STATE OF NEW JERSEY, PLAINTIFF-RESPONDENT,
v.
JAKE BRADY, DEFENDANT-APPELLANT.



On appeal from the Superior Court of New Jersey, Law Division, Camden County, Indictment No. 05-05-2083.

Per curiam.

NOT FOR PUBLICATION WITHOUT THE APPROVAL OF THE APPELLATE DIVISION

Submitted December 17, 2007

Before Judges Lintner and Sabatino.

The sole issue raised in this criminal appeal is whether the trial judge's multiple instructions to the jury concerning the guilty plea of a co-defendant, who had recanted at defendant's trial when he was called as a prosecution witness, were confusing and unduly prejudicial. Because we are satisfied that the judge's instructions were comprehensible, fair and consistent with the law and the model criminal jury charges, we affirm defendant's convictions.

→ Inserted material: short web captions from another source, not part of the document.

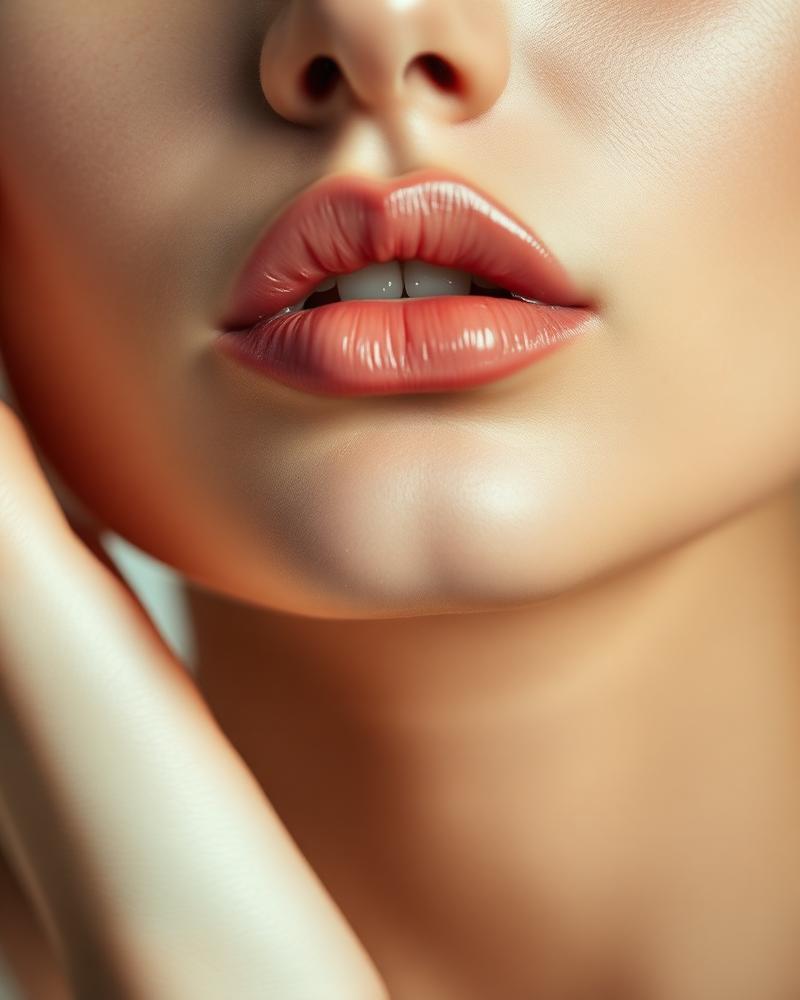 Lip Filler · 1ml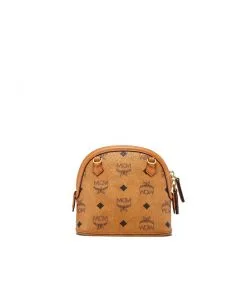 MCM ΣΤΑΥΡΩΤΗ ΤΣΑΝΤΑ ANNA MINI 11 MCM ΣΤΑΥΡΩΤΗ ΤΣΑΝΤΑ ANNA MINI -ΓΥΝΑΙΚΕΙΕΣ ΤΣΑΝΤΕΣ Κατάστημα πωλήσεων 40 436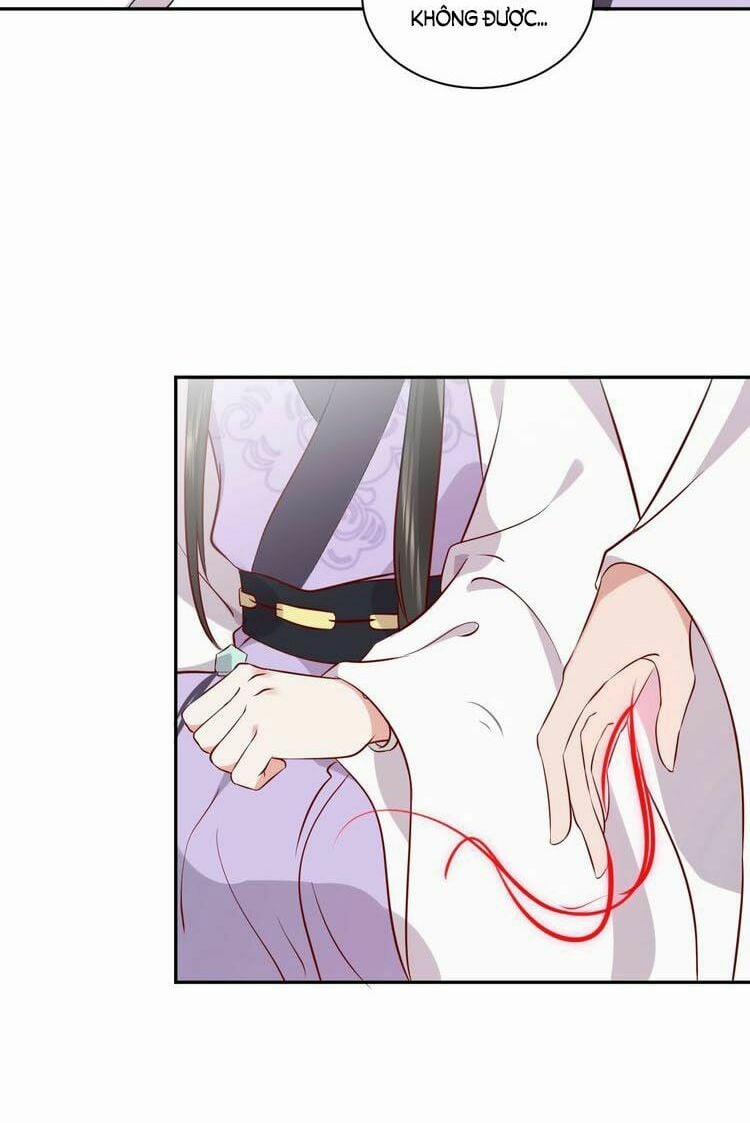 Yêu Tôn Nhất Định Phải Chịu Trách Nhiệm Với Ta 6 trang 22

The State's proofs at trial showed the following. On the evening of February 27, 2005, defendant Jake Brady was in the company of his brother Mike and his brother's close friend, Raheem Pearsall. The three men drove to an apartment complex in Gloucester Township, where Mike Brady had arranged to purchase drugs from a seventeen-year-old male, R.C. Upon arriving at the apartment complex, Mike Brady left and went looking for "blunts," cigars emptied of tobacco and refilled with marijuana.

R.C. then approached the apartment complex on a bicycle. He encountered a short white male, who he identified at trial as defendant, and a tall black male, who he identified at trial as Pearsall. Defendant said to R.C., "What's up?," or "Sup?" R.C. responded, "What's up?" According to R.C., defendant then began to strike him, knocking him off his bicycle. After R.C. fell to the ground, defendant jumped on him, forced him into a headlock and started going through his pockets. Pearsall joined in and kicked R.C. in the head, while defendant yelled, "Give me everything. Give me everything now."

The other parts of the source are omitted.